Timoci Gaunavinaka, Nausori.

With all due respect to Alipate Qetaki’s views and Amenatave Yaconisau’s support on wastage of resources on Government’s intention of amalgamating all Laws and process to be followed, I beg to differ.

In 2004, I was invited to make a presentation to government cabinet chaired by the then prime minister Laisenia Qarase himself and attended by all his ministers in regard to the Fiji Wetlands Working Group proposition for Fiji to rectify the Ramsar Convention.

I was accompanied by the then director of Environment Epeli Nasome and Minister Pio Wong.

In my presentation, I stated that one of the challenges faced by Fiji is the structure of our laws.

There are so many overlaps and to put it in simple terms, it’s a mess.

Today, if we consider mangrove areas for example, they come under the jurisdiction of the Lands Act because they are below the high water mark.

But this same mangroves are the “kanakana” and “qoliqoli” of various mataqali (sub-clan) and yavusa (clan) and is demarcated and controlled by the Native Land and Fisheries Commission under the iTaukei Affairs Act.

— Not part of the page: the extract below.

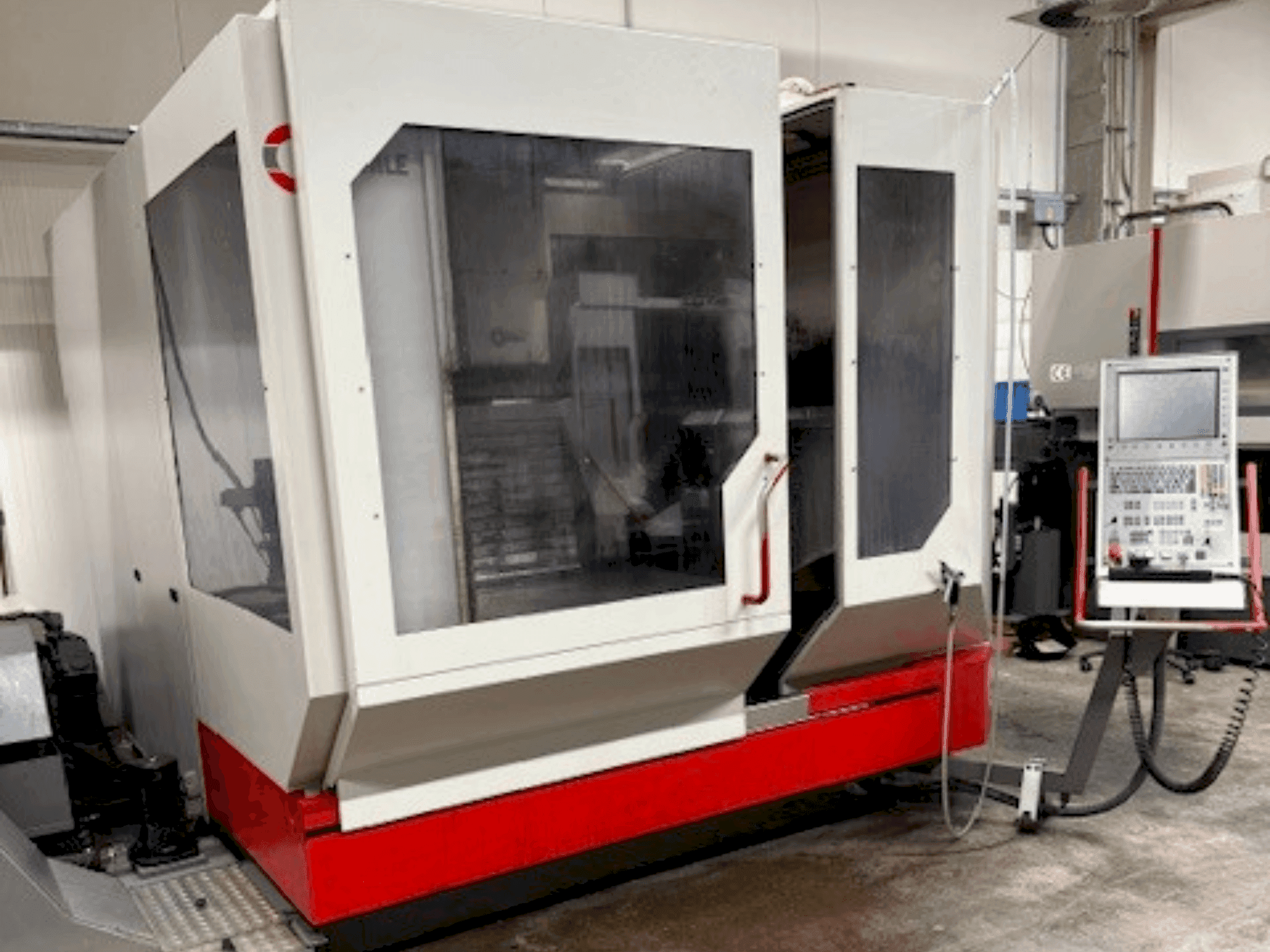 Vista frontal de la máquina HERMLE U 1130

If someone wants to catch crabs or fish in this same mangrove area for commercial purpose, then that is covered in the Fisheries Act.

If you want to log the same mangroves to sell them as firewood, then that is covered in the Forests Act.

Since these mangroves have rivers and meanders they are therefore also covered in the Rivers and Stream Act.

If a major development is to be carried out in this same mangrove area, then an Environment Impact Assessment in accordance with the Environment Management Act is to be carried out.

This is just an example and there are dozens more of such overlaps in the laws of Fiji.

This overlaps and intertwining legislations are the main causes of bureaucratic bottlenecks in governance.

A process that should take just a week, end up taking a few months because various ministries have to be consulted since the issue is covered in their legislation.

In reading the final report produced by these various ministries after all the consultations and etc, you will notice that a University of the South Pacific or Fiji National University graduate with one year field experience could have easily wrote that report in a couple of days.

At the end, it is the people of Fiji who suffers.

This eventually slows our development and progress as a nation.

This problem we face is also faced by other countries including developed nations and some of them are worse than ours.

So let us not think that there is a perfect “World Standard” benchmark for synchronising laws out there.

We must produce one that is custom-designed to our needs.

Many of our laws have been reviewed and some still yet to, but what we need is for the whole laws of Fiji to be restructured in such a way that they synchronise with one another with minimum or no overlaps and is workable practically.

If our current Government can achieve that, it will be the greatest legal achievement in our history as a sovereign nation.

 

FEA subsidy

Nirbhay Singh,  Labasa

Fiji Electricity Authority’s clarification is sought where in the bill it states that you ought not to exceed on daily usage of 3.12units and will not qualify even if you are within limit.

Under domestic category, it only states not exceeding 95kWh and nothing more.

How would a consumer know where to draw the line and monitor usage when only a bigger picture reference is give as 95kWh.

This is misleading information as far as your billing tariff category at the back of bill details outline.

Your urgent clarification is sought in this regard.